Winding without Shore
Shuyi Cao
25 Apr – 7 Jun 2025

5 Warwick Street London

Gathering is thrilled to announce Winding without Shore, Shuyi Cao's first show with the gallery, opening in London 25 Apr, 6-8 pm.

Evening light falls through the industrial window panes of Shuyi Cao’s Brooklyn studio, making the sun-bleached exoskeleton of the horseshoe crab she holds appear translucent. “There’s no meat left,” she says, “it’s like a ghost.” Ghosts, or the traces of living, moving things, abound in Cao’s space: dried seed pods, sea shells foraged from shorelines and shellfish dinners, coprolites (fossilised manure), driftwood and pebbles smoothed by the tide. She picks them up and handles them gently. “The things I collect, I don’t always know whether they are alive or dead.” She shows me a milkweed pod that had erupted into floss after sitting in the studio for months, seemingly lifeless. With a shake, Cao sends silken gossamer dancing through the still air.

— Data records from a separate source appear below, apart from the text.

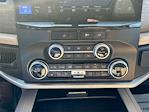 2022 Ford Expedition MAX 4WD SUV for sale #10F0190A - photo 29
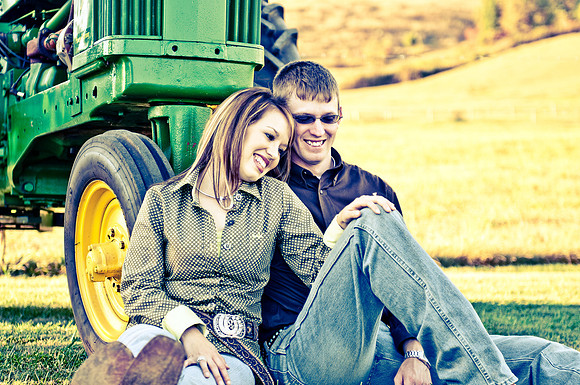 Nichole & Charlie (41 of 77)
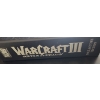 Image 3 : Warcraft III Reign of Chaos Collector's Edition Boxed Set for PC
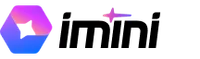 Imini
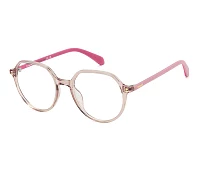 Polaroid eyeglasses PLD-D613 35J 51-18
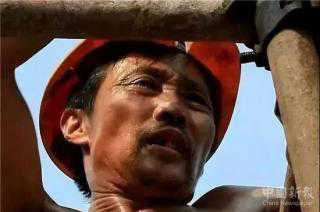 向每一位辛勤的勞動(dòng)者致敬！  ！  ！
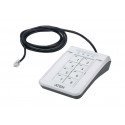 ATEN PP4.0 Secure KVM Remote Port Selector
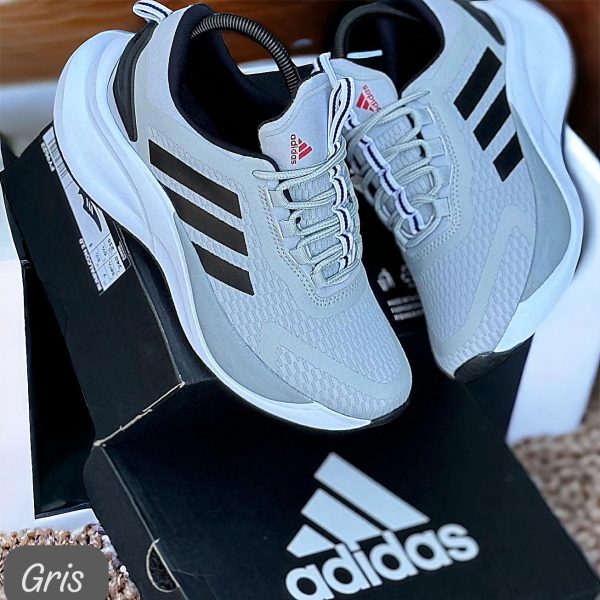 Tenis A003 Caballero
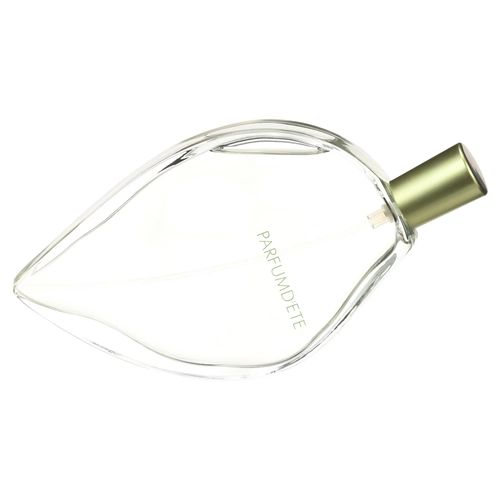 Parfum d'Ete Eau De Parfum Spray 75ml
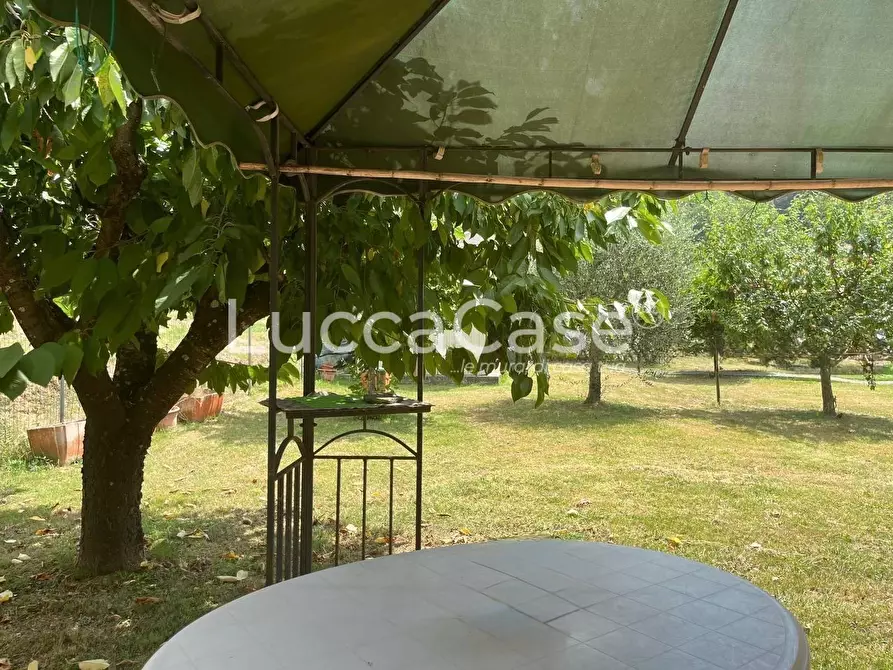 Immagine 31 di Villa in vendita  a Porcari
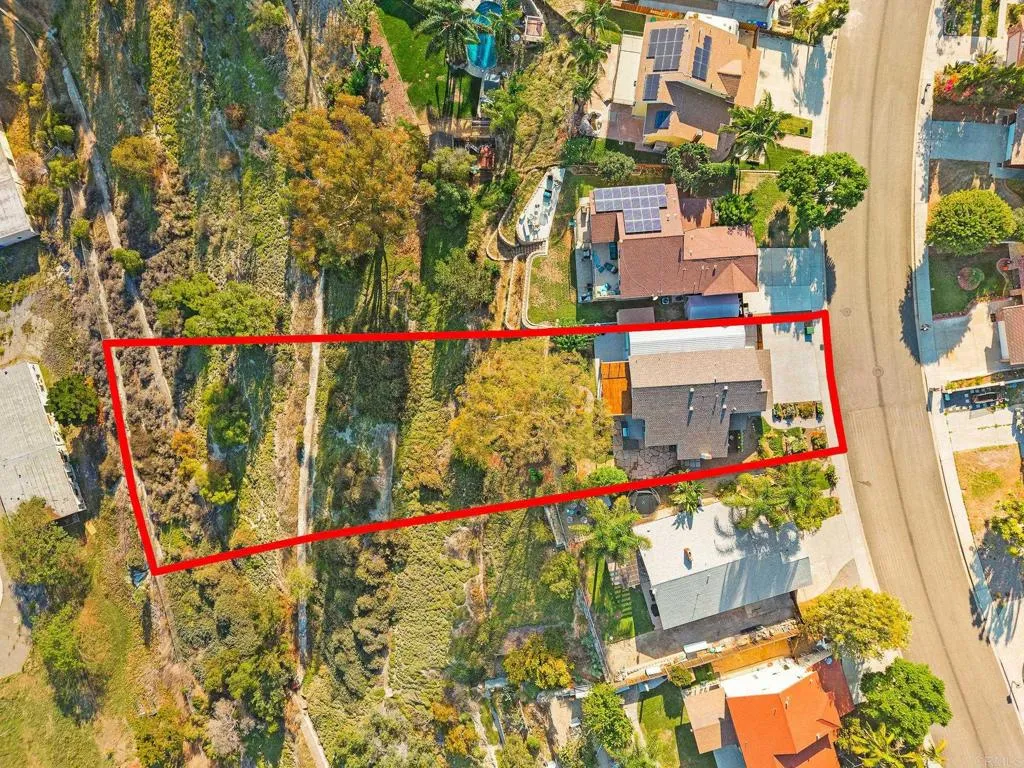 418 Mainsail Road, Oceanside, CA 92054 418 Mainsail Road, Oceanside, CA 92054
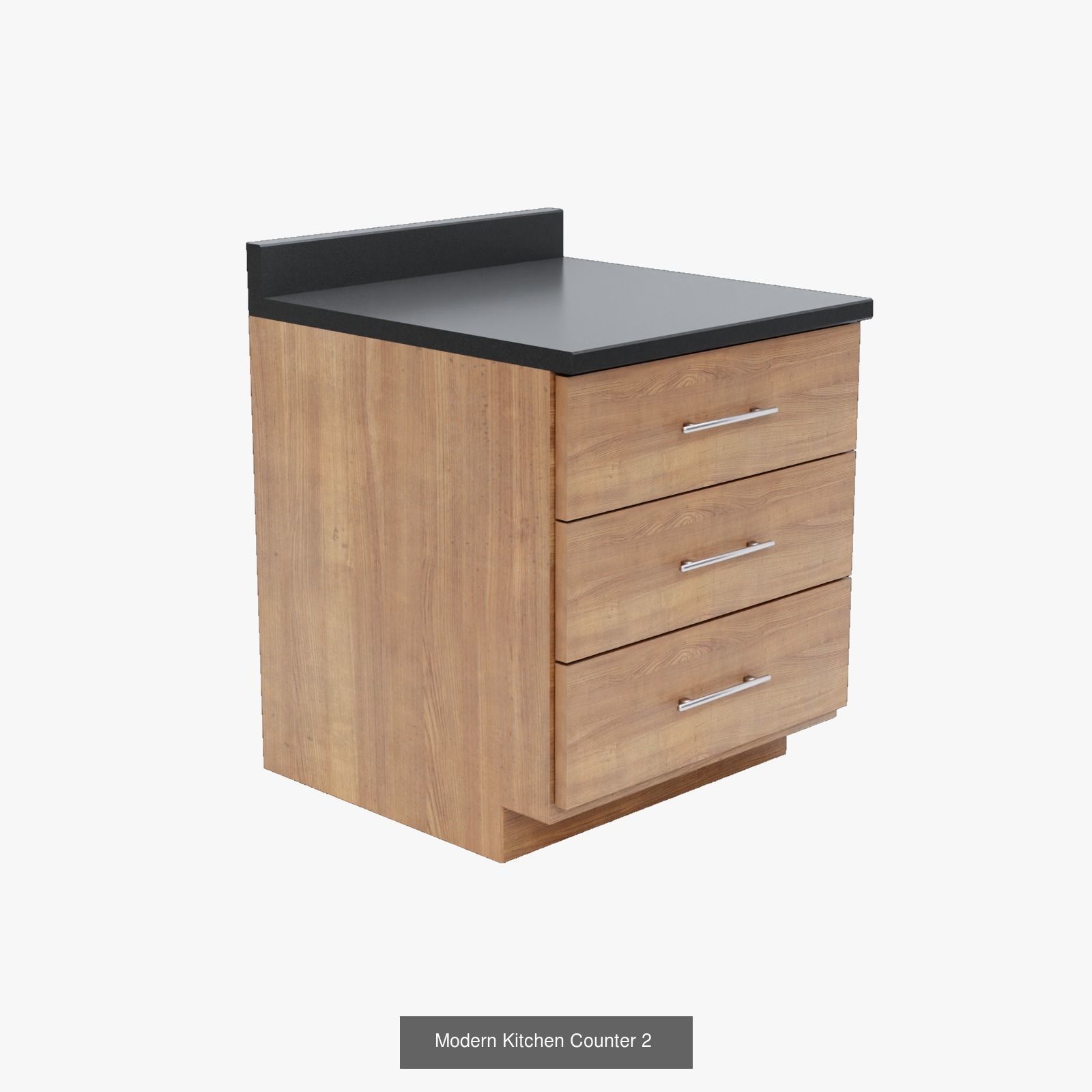 Modern Kitchen Counter Collection 2 _3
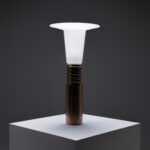 Model 1041.32 Table Lamp, Set of 2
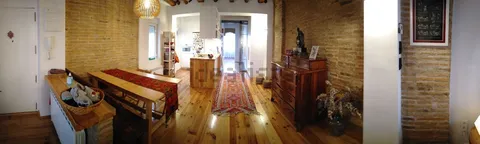 Appartement 80 m² à Saragosse (2/20)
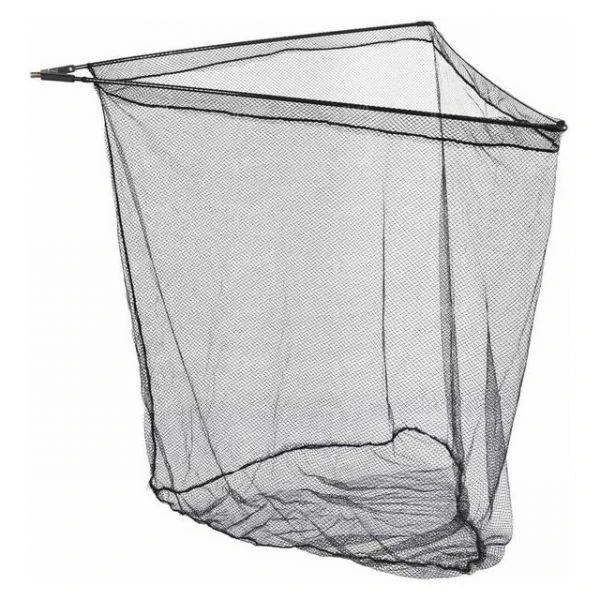 Голова подсака Brain Carp Folding Landing Net 42" (складная) фото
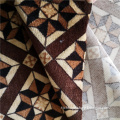/msite/products/detail/productid/58685436/id/684253.html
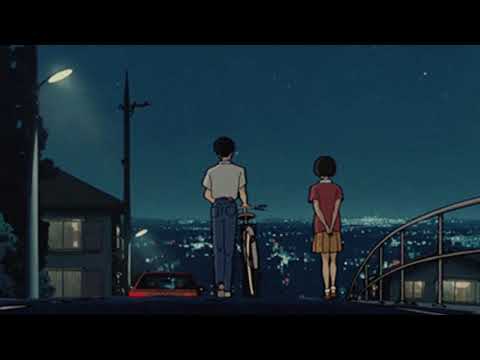 amr diab - osad einy │عمرو دياب - قصاد عینی, بطيء (slowed)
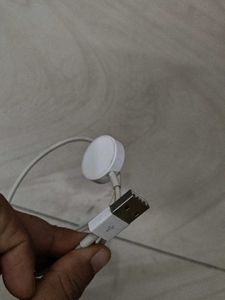 Apple Watch Charger
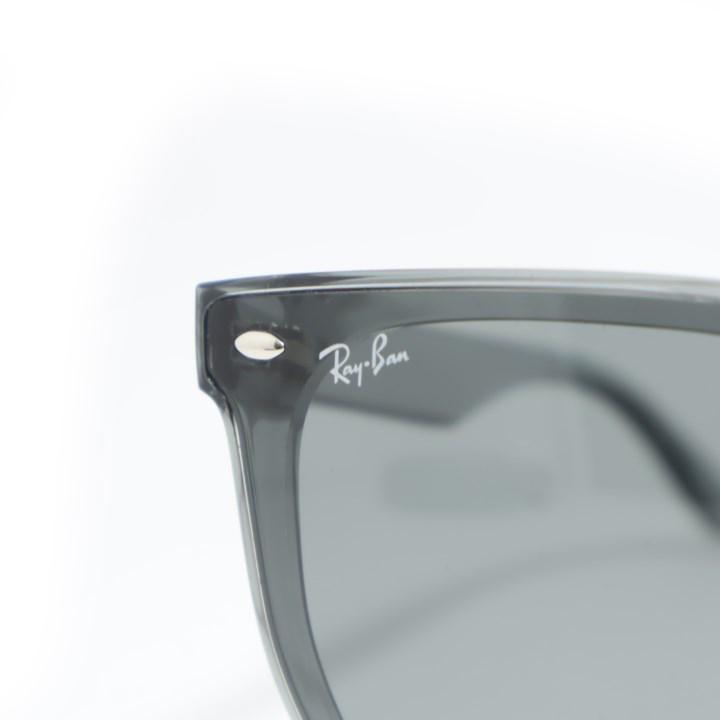 セール☆RayBan 未使用 RB4466D 645087 サングラス レイバン Ray-Ban（レイバン） RB4466D-645087-47 サングラス 日本国内正規品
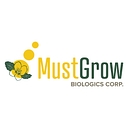 MGRO.V logo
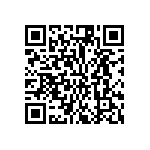 M39003-01-5557-HSD QRCode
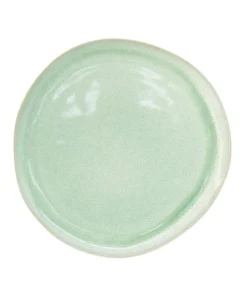 Promo 🎁 Salt&Pepper Series Dinner Set - 12 Piece - Mint ❤️ -Dining Sales Store 848601100 3 720x928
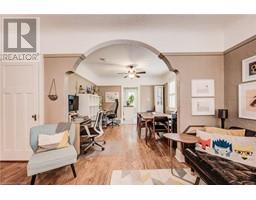 178-180 SAMUEL Street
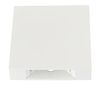 Lampada da parete a LED LBD5050-4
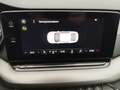 Skoda Octavia 1.5 TSI Ambition AHK*KlimaA*LED*LM*PDC Bleu - thumbnail 26
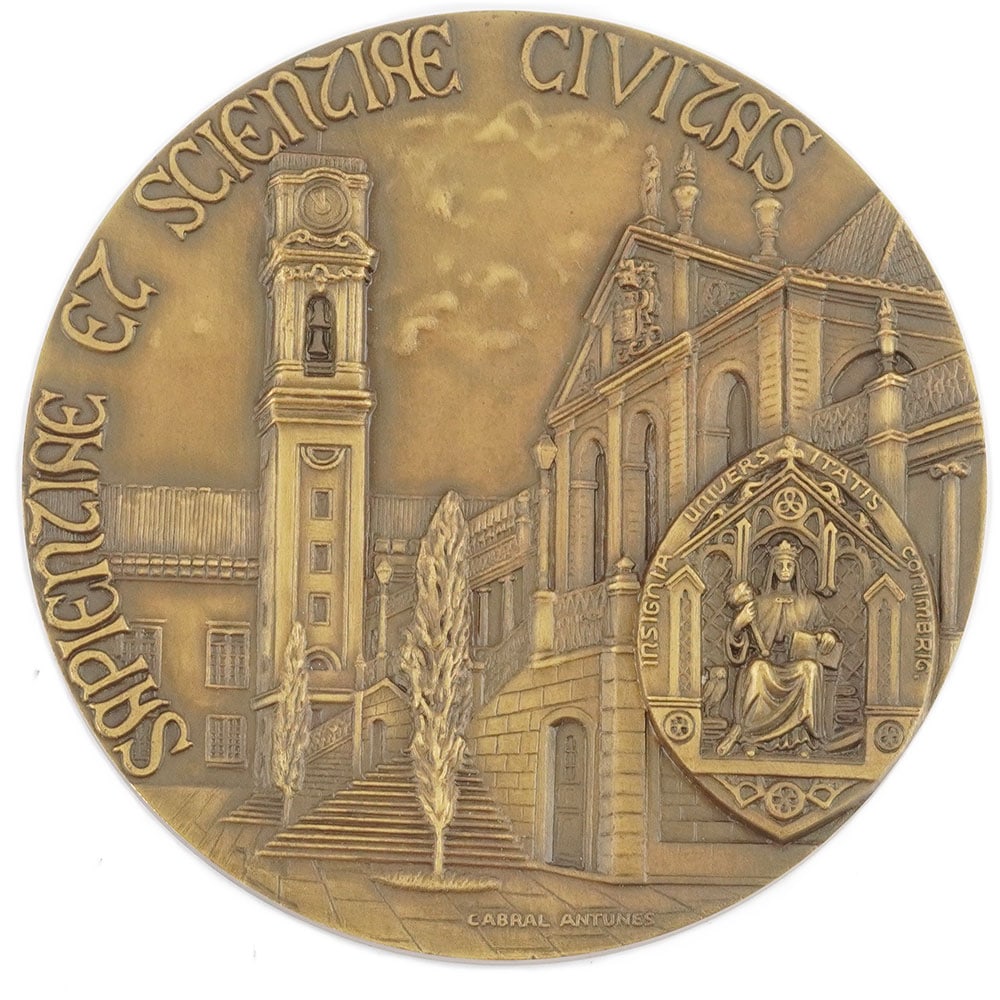 José Cabral ANTUNES (1916-1986) - 2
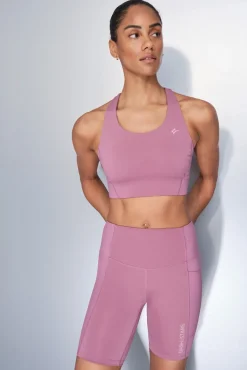 Mujer Dash and Stars Deporte>Leggings 4D STRETCH ciclista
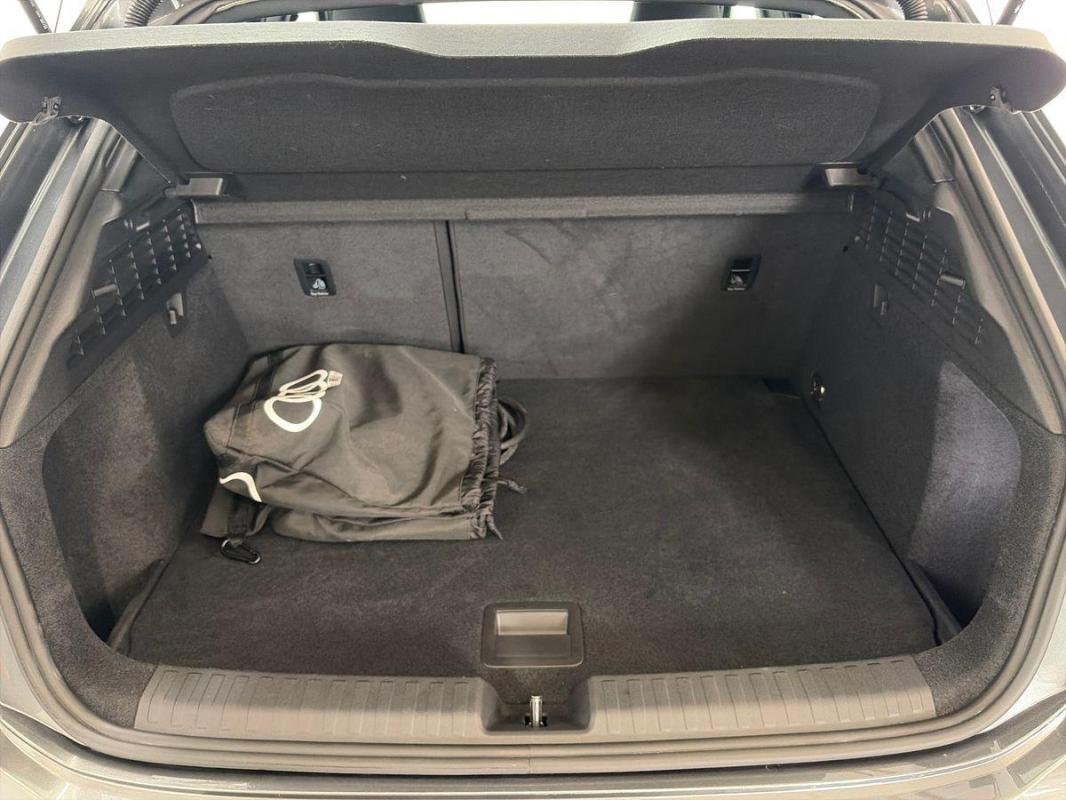Audi A3 sportback - Photo 31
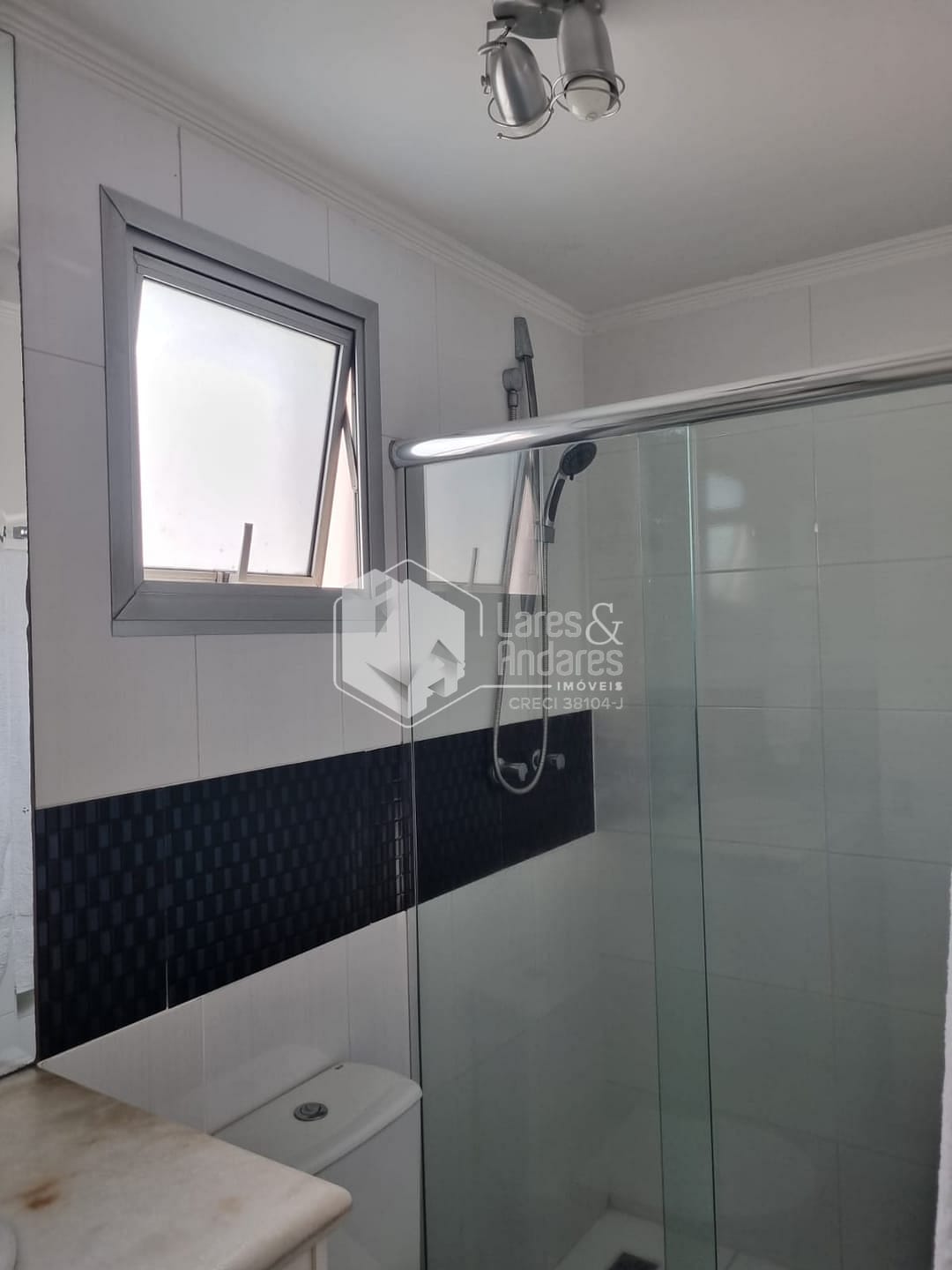 Apartamento, 4 quartos, 178 m² - Foto 31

Even what we call inanimate things have charges, weights. They are attracted to each other or repulse each other. They have force and velocity, heat and viscosity. They fall down, rise up. They form into clouds and then disappear into thin air. [1]

Gathering
Selected Works (17 images)

For archaeologist Ian Hodder, things are “just stages in the process of the transformation of matter”; Cao’s collection and treatment of the objects she finds testifies to the endless vacillation between petrification and fluidity that defines our material world. [2] In Milkweed (2025), Cao blows up the reawakened seed casing to Jurassic scale, using digital scans and 3D printing to reimagine the papery husks in steel, hand painted lilac-grey. Each pod is a vessel for a milk-white filament structure of borosilicate glass: an arrested form of the plant’s latex sap, or a calcified skeleton of the floss that sends milkweed seeds adrift. The attenuated prongs of Wind Claw (2025) take their shape from the seed capsules of the Devil’s Claw, a propagation mechanism that evolved to encircle and snag the feet of Ice Age megafauna. Now, the claws hold an emptiness at their core: the negative space for something that used to exist. Movement is stilled, for the time being.

Gathering
Installation Views (2 images)

But one can never really be certain that there is not a kernel of life left over; of something that continues to wriggle and grow. The shells that Cao grafts to driftwood and steel in her Xenophora sculptures must be cleaned after they’re gathered. She soaks the turret-like shells of sea-snails in water for days, and dries them in the sun before polishing them, mimicking the erosion enacted by the sea. Sometimes a morsel of meat escapes this process, and Cao finds maggots hiding inside the whorls. She starts the cleaning again.

The artist’s family and friends save the shells for her after they eat sea snails, clams or oysters; Xenophora I and II (both 2024) are inscribed with eating practices that stretch from New York to China. Aptly, Cao describes the preparatory elements of her practice in metabolic terms. She consumes leftovers proffered by her environment and relationships, digesting them through physical and digital treatment processes: cleaning, drying, scanning, grafting, printing and painting are her enzymes. Dried mango peel becomes a spiny shell casing; shards of discarded Evian bottles look like butterfly wings.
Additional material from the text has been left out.